In addition to trialing prompts on sample populations and providing high quality training, potential IELTS “…examiners must mark a series of exams consistently and accurately” (IDP IELTS, 2023b, para. 2) to become certified examiners, and all examiners are re-certified every two years to ensure standards are being maintained (IDP IELTS, 2023b). Furthermore, IELTS requires examiners to use analytic scales to score writing tests. An analytic scale “…includes a number of separate criteria to guide the assessor’s judgements and so generates a number of different scores – e.g., a score for grammar, a score for pronunciation and a score for task fulfilment” (Green, 2020, p. 252). Analytic scales, according to Shaw and Falvey (2008), provide advantages over global scales as they provide enhanced reliability through increased observations, encourage greater discrimination across a wider range of assessment bands, and discourage norm-referencing.

Despite these strategies to build reliability in the AWST, Uysal (2010) challenges the AWST’s inter-rater reliability, that is, the extent to which the same test re-scored by a different rater yields similar results. Uysal challenges the inter-rater reliability because the AWST are single scored locally, and double scoring, according to Green (2014), is one way to build reliability. On this point however, IELTS does subject selected samples of scored writing subtests to be double scored (Uysal, 2010). That is, after a test candidate has completed their test at a local IELTS centre, IELTS selects samples from these test centres, and then senior examiners double score the samples. Despite the fact that most tests are still single-scored though, the correlation between local and senior raters was 0.91 in 2003 (Hashemi & Daneshfar, 2018; Veerappan & Sulaiman, 2012), which indicates high reliability (Chapelle, 2013).

Validity

Although it produces reliable test data, the AWST falls short of demonstrating a high degree of validity, a complex quality which is, according to Messick (1989; cited in Fulcher & Davidson, 2007), the quality of a test that provides a teacher with a degree of justification to make inferences from a test result to a test construct. Three kinds of validity are briefly examined: content, construct, and predictive validity.

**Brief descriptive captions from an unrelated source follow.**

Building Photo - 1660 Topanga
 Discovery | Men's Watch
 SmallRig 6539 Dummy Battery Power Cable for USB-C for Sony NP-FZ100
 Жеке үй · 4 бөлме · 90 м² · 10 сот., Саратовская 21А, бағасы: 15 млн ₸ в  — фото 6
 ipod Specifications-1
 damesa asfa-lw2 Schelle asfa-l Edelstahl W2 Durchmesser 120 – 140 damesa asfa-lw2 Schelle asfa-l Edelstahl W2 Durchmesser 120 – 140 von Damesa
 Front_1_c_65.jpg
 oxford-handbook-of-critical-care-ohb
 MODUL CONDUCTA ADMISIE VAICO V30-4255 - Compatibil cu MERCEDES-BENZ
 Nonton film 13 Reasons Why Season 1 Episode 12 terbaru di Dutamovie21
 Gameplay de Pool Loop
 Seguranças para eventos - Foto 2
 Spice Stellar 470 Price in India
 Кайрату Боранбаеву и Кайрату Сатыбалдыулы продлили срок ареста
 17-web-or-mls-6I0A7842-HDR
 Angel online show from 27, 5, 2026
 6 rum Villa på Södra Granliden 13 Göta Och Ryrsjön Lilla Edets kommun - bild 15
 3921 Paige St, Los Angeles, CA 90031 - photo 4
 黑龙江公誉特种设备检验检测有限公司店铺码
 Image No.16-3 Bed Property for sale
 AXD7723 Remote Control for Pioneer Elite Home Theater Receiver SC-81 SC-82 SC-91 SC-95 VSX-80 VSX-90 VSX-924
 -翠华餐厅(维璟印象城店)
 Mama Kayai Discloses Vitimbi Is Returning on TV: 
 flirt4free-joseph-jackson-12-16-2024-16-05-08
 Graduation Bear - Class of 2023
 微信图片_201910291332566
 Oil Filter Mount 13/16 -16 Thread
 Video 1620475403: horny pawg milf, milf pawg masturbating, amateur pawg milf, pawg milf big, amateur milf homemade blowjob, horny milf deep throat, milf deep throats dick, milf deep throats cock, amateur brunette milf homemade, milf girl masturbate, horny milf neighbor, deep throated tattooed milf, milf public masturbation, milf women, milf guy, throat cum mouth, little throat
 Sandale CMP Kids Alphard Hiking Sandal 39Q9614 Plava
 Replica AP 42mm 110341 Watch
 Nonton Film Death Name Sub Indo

Content validity refers to how well a test “…constitutes a representative sample of the language skills, structures, etc. with which it is meant to be concerned” (Hughes, 2003, p. 26), and the AWST is concerned with, but is somewhat unrepresentative of, post-secondary writing assignments. To this point, several studies serve as evidence. For instance, Moore and Morton (2005) compared the Task 2 rubric to writing assignments in two courses in two Australian universities and found that, although there are some similarities between Task 2 and university assignments, there are “…important differences between the writing required at university and that required to pass the IELTS test” (p. 63). In a similar vein, Cooper (2014) compared lexical bundles, or groups of words that occur frequently, between first-year undergraduate essays and samples of academic Task 2 writings, and found that

there are notable differences in the structures and functions of lexical bundles used in Task 2 of the IELTS writing test and in students’ undergraduate assignments. The nature of these differences suggests that the style of writing expected in the IELTS test does not correspond to that expected in student assignments. (p. 78)

Another differentiating characteristic between the AWST and university writing tasks is that university writing assignments typically require students to draw on external resources (e.g., academic studies, reports and books) while Task 2 requires test candidates to draw on personal knowledge and experience (Nguyen, 2016), a flaw that also connects to construct validity.

Construct validity, according to Cervatiuc (2023), is the ability of a test to measure what it intends to measure, and, as its name implies, the AWST intends to measure academic English writing proficiency. To that extent, it is rather effective, but, like all assessments, it is imperfect. Namely, there is an issue with Task 2: Task 2 is designed to measure academic writing skills such as the ability to argue and support an opinion, but Task 2 also evaluates non-academic writing skills. To highlight these non-academic skills, some Task 2 prompts instruct test candidates to use relevant examples from their own knowledge or experience. Thus, test candidates’ knowledge and experience play a role in the result (Nguyen, 2016), which is problematic because “in language testing, we are not normally interested in knowing whether students are creative, imaginative or even intelligent, have wide general knowledge, or have good reasons for the opinions they happen to hold. For that reason, we should not set tasks which measure those abilities” (Hughes, 2003, p. 82; cited in Weigle, 2002, p. 45). Therefore, the construct validity requires improvement.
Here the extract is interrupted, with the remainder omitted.